▶ SUPPLIED MATERIAL:
╭──

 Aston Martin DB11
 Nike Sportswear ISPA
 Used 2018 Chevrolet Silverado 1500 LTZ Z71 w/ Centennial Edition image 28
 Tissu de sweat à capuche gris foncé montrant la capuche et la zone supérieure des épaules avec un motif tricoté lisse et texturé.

╰──

Look above for the line containing "Nike Sportswear ISPA"; copy from it through the last line, exactly, and nothing more.

▶ YOUR SOLUTION:
 Nike Sportswear ISPA
 Used 2018 Chevrolet Silverado 1500 LTZ Z71 w/ Centennial Edition image 28
 Tissu de sweat à capuche gris foncé montrant la capuche et la zone supérieure des épaules avec un motif tricoté lisse et texturé.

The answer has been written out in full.